Friday, December 22, 2006

State social worker tries to alter documents and intimidate witnesses

Adoption probe snags supervisor
Inspector General expands investigation into Family Services
Honeycutt-Spears, Valarie. Lexington Herald-Leader, May 13, 2006, pg. A1.

A state social-work supervisor is under investigation for allegedly trying to alter documents and intimidate witnesses in a state inspector general's investigation into inappropriate state adoptions, terminations of parental rights and foster care.

Pam Tungate, an assistant administrator for the Cabinet for Health and Family Services' Lincoln Trail region based in Elizabethtown, has been placed on "special paid leave" for 60 days while officials investigate, according to a Cabinet order that was effective April 25.

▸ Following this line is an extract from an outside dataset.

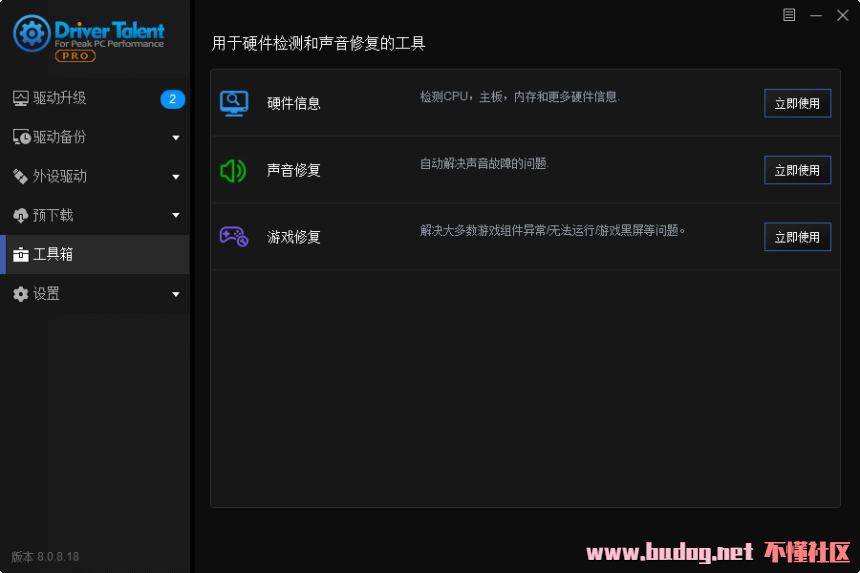 132411ba6icqajzipmrr72.jpg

Tungate could not immediately be reached for comment. Cabinet officials emphasized yesterday that no final action had been taken or conclusive findings made.

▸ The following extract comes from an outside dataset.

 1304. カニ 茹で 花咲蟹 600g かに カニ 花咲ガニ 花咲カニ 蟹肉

Meanwhile, Cabinet Inspector General Robert J. Benvenuti III said that he has broadened the scope of his investigation into so-called "quick trigger" adoptions. And he confirmed that he met this week with domestic violence officials who alleged in a Herald-Leader article last month that children are being removed from domestic violence victims who have sought help at shelters.

"We are also meeting with several other groups. It will be lengthy investigation involving many agencies and the courts," Benvenuti said.

Sherry Currens, executive director of the Kentucky Domestic Violence Association in Frankfort, said she met with Benvenuti and Tom Emberton Jr., the commissioner of the Cabinet's Division of Community Based Services.

Currens said both officials gave domestic violence workers "an open door" to cite examples of problems. Currens said she had forwarded five or six complaints to the inspector general's office.

In the Herald-Leader story last month, Currens and other domestic violence victim advocates said that some Cabinet workers were telling women that shelters aren't an appropriate atmosphere for children. Advocates said that could dissuade victims from seeking help.

Benvenuti said he has widened his investigation to review all facets of termination of parental rights, foster care adoptions, and placements of children.

Any evidence of crimes will be turned over to prosecutors, he said.

The inspector general's investigation was requested by the Cabinet for Health and Family Services after a January report from the Louisville-based National Institute on Children, Youth and Families Inc. and the Kentucky Youth Advocates.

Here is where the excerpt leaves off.